Internal factors: ethnocentric curriculum

A

An attitude or police that gives priority to the culture and viewpoint of one particular ethnic group. A prime example of institutional racism because it builds a racial bias into everyday workings. Shown in languages, literature and music and history. In history, British are represented to bring civilization to the ‘primitive’ people they colonized. This image of black people as inferior undermines black children’s self-esteem and leads to failure. It is not clear what impact the ethnocentric curriculum has.

40
Q

Internal factors: assessment (Gillborn)

A

‘Assessment game’ is rigged, to validate he dominant cultures superiority. If black children succeed as a group, rules will be changed to cause failure. Change from ‘baselines assessments’ to foundation stage profile to measure pupils ability in primary school showed black underachievement, because the fsp was based on teachers judgements and a change in timing of assessment from start to end of year.

41
Q

Internal factors: access to opportunities

A

The gifted and talented programme, was created with aim of meeting the needs of more able pupils in inner-city schools. Whites were over twice as more likely to be identified as gifted and talented than black Caribbean. And exam tiers, found that in 30 schools, ‘aiming high’ initiative to raise black Caribbean pupils achievement, blacks were more likely to be entered for low tier GCSE, they can only achieve a grade c at best.

42
Q

Internal factors: the ‘new IQism’

A

Access to opportunities such as higher sets or gifted and talented programme, depended heavily on teacher assessment of pupils ability, works against black pupils.

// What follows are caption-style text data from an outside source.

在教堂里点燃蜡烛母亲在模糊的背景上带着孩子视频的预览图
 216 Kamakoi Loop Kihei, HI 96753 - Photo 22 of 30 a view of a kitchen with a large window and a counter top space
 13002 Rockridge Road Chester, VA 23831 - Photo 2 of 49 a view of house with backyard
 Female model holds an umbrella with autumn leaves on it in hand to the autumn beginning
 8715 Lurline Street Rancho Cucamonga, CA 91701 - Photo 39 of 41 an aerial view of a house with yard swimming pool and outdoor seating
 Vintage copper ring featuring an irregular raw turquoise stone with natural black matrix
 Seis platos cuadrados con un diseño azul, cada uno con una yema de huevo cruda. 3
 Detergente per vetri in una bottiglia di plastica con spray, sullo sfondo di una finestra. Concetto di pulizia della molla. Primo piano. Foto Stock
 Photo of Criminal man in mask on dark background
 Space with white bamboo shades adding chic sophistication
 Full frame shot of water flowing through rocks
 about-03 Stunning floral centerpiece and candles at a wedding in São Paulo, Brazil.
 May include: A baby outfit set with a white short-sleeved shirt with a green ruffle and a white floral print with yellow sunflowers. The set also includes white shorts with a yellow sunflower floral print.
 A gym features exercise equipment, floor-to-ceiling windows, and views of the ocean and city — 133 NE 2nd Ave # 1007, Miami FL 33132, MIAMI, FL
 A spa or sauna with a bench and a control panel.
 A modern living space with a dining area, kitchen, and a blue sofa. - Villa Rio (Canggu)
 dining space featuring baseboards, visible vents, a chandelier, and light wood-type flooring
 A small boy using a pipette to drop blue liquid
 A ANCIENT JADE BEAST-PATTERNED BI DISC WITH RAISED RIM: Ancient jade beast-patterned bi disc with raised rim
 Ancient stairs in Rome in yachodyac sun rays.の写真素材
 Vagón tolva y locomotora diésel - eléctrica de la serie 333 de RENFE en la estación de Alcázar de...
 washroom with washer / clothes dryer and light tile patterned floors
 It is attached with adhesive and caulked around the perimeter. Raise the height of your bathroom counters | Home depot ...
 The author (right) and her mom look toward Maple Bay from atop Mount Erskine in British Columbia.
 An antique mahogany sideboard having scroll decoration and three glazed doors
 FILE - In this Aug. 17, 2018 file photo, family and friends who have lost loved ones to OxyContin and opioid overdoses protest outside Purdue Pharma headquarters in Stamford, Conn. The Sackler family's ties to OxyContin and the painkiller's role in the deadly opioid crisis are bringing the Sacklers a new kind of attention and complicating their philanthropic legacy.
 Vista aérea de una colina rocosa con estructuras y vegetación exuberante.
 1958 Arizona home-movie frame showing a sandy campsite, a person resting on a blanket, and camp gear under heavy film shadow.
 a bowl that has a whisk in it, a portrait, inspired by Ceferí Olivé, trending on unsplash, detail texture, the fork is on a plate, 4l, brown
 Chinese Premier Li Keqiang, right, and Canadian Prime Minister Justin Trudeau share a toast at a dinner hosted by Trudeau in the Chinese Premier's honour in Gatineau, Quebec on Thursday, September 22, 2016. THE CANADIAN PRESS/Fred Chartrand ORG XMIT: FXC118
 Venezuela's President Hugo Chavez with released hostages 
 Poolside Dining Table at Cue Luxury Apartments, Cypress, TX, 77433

Teachers place students in sets on disciplinary concerns and perceptions on ‘attitude’. Teachers and policymakers make false assumptions about the nature of pupils ‘ability’ or ‘potential’. They believe potential is a fixed quality, that’s easily measured, for Gillborn there’s no genuine measure of ‘potential’.

43
Q

Internal factors: criticisms of Gillborn

A

Sewell rejects internal factors of education system is the main cause, he argues it is not powerful enough to prevent success, we need to focus on external factors (anti-school attitudes, father). If Indian and Chinese over-achieve and do so well, how is institutional racism a thing? Gillborn argues the image of them as ‘model minorities’ performs an ideological function conceals the fact that the education system is racist. Makes it seem fair and meritocratic, justifies failure of other minorities.